Not that I am much of an expert, but if you’re going to take a Orthodox Christian view of how courtship should be accomplished (whatever that is), you should start with a strong foundation. (This is also assuming that you’re interested in dating, period. If not, it’s still a useful thing to do in your own life regardless.) So it is with the vineyard I was planting this week. The first thing we did was remove all the trash; pieces of broken pvc pipes, old cans, lumber, nails, and randomly enough, a glove. In other words, move out the trash that’s cluttering up your own life. Things which distract you adversely which serve no purpose should be removed; namely unhealthy thoughts like “I’ll always be single,” or “I’ll never be good enough,” or “the person I date/marry must be exactly who I envision.” (NB: There’s a huge difference between “settling for ‘good enough'” and “being pleasantly suprised by how different this person is from expectations.” Don’t confuse the two) Once you have a vineyard that is mostly cleared enough from trash and detritus (not to be confused with the Discworld character), it’s time to move onto phase two.
Phase two is clearly marking out and deliniating where you want to put your vines. In other words: figure out exactly what your goals are and what you are seeking. Our vineyard is laid out in a 5 foot by five foot grid, as that’s what our trellis is going to be designed for, and what our irrigation is going to be designed for, and so on. For example, everything we do will have to be by hand, since there is no space for a tractor to move inbetween the vines. Weeding, fertilizing, and harvest will all be done with our manpower. Everything we do is going to be based on this grid. So it should be in your own life: your life as an Orthodox Chrstian is the grid from which everything else revolves. That process finished by putting little white flags in the ground at every spot a vine was going to go. (Flags are optional in your own life, at least when it comes to visual ones.)
Next up was fertilizing the ground under each flag, with a mix of manure and some phosphates and epsom salt. The equivelant in our own lives, of course is to fertilize your own life with prayer, fasting, and strong, healthy friendships. These provide the nutrients for both the vines, and of course, for us to grow more fully as awesome people. After that was done, we then dug the holes for the vines to go in. We cheated, and did not do this by hand; instead, we used an augur that was noisy and diesel powered, but it saved us time and most certainly (knowing the clay-rich nature of the local soil), our backs, and for that, I was decidedly thankful.
The idea here was to mix up the fertilizer with the native soil, providing a healthy mixture. When the soil was mixed, it was time to water, and so all of us followed along behind the belching machine at various points, pouring water into the holes which were dug. Too much water, though, and the roots would be smothered and the tiny little vine would die. So it is with dating: you have to provide a healthy space, mentally and spiritually, for a partner to even fit into our lives if it is so desired. If a partner is not desired, of course (or in addition to, whatever), you need to have room for God to act within your life.
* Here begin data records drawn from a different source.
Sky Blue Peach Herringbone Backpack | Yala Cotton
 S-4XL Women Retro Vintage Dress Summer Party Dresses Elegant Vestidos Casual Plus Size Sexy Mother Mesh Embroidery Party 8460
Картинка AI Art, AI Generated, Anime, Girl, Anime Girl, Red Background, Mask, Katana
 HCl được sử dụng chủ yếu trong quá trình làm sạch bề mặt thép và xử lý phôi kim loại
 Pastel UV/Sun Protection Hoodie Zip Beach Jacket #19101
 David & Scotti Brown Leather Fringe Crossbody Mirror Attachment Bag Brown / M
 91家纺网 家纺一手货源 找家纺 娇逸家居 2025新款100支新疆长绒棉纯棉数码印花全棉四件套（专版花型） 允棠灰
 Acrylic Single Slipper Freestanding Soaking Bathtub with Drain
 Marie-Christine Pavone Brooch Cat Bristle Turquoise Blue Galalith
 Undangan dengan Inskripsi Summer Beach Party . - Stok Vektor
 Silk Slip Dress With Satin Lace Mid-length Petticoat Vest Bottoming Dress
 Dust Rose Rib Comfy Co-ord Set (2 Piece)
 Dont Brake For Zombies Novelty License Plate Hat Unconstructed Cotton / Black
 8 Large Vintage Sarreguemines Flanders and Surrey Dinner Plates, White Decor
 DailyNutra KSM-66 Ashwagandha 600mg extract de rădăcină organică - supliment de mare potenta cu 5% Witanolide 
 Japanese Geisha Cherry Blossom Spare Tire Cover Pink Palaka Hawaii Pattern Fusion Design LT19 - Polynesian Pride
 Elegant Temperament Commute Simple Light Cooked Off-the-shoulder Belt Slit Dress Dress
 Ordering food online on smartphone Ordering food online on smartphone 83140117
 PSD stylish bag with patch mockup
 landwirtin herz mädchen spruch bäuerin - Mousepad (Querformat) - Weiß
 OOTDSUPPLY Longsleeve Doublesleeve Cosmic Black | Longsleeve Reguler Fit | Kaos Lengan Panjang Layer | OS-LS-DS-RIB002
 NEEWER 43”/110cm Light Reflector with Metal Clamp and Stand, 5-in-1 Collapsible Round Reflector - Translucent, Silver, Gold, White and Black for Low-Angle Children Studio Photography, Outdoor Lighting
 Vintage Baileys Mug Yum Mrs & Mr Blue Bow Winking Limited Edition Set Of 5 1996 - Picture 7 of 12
Lastly, the vine is sunk deep into the mud and earth, for it’s roots to reach deep and drink while it’s teeny tiny little leaves worship the sun, just as we worship the Son. The point of all this work and preperation for a vineyard is for something like this:
to grow and become something like this:
In short: If we want a good partner, we have to start from the ground up, instead of trying to start from the top and work our way down.